My understanding, not perhaps parallelling the historical development
very closely, is that the answer is something like this. I'm sure somebody
will correct me...
(0) People want to be able to make qualitative statements: "Manure makes
the roses grow." "Electric shocks make mice do what you want them to." "If
I buy kippers it will not rain."
(1) In an attempt to be more scientific, instead of making absolute
statements, people decide to use the idea of probability. They would _like_
to be able to say "There is a 99% probability that if you put manure on
roses they will grow better." However, that does not fit in with
traditional frequency-based probability, which only officially assigns
probabilities to events which are "random", a phrase usually undefined or
defined only inductively "You know, dice, urns, all that stuff." Roses are
not random because you do not get to bet on them at Las Vegas. (Horses are
dubious. Few people recommend using the outcome of the 2:30 to assign mice
to treatment groups. )
(2) If there is going to be a probability involved, then, it has to
involve the sampling technique, as that is the only place where the
experimenter can introduce (or pretend to) an urn or pair of dice.
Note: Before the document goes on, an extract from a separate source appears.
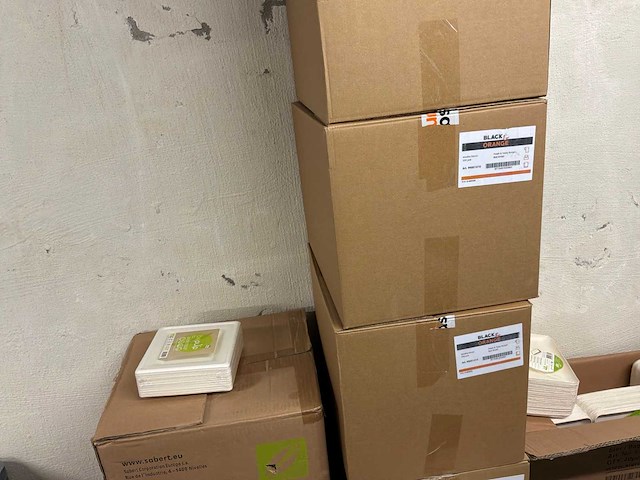 Partij wegwerp borden, bestek,… - afbeelding 5 van  21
(3) Even given randomization via sampling, we need to know how things
really are to compute a probability. If we *did* know this we wouldn't be
doing statistics. But we can make a "conditional" statement that _if_
something were true then the probability of observing something would be....
(4) In order to avoid circular logic, we *cannot* assume what we want to
prove, in order to compute the probability. We can however assume it for a
contradiction. Therefore:
(5) There is some set of observations that will lead us to declare that
that contradiction is reached, and others that won't. Hence the rejection
region.
(6) The only definite outcome is rejecting the hypothesis, the only
situation in which we can compute the probability is when the hypothesis is
true. Hence alpha.
(7) Back at the beginning we wanted a yes-or-no answer. Henced fixed
alpha testing and the pretence that we "accept" null hypotheses.
OK, it's a horrible kludge at best, and an evil ritual at worst; but
*if* you start with those assumptions & goals, there's what comes out.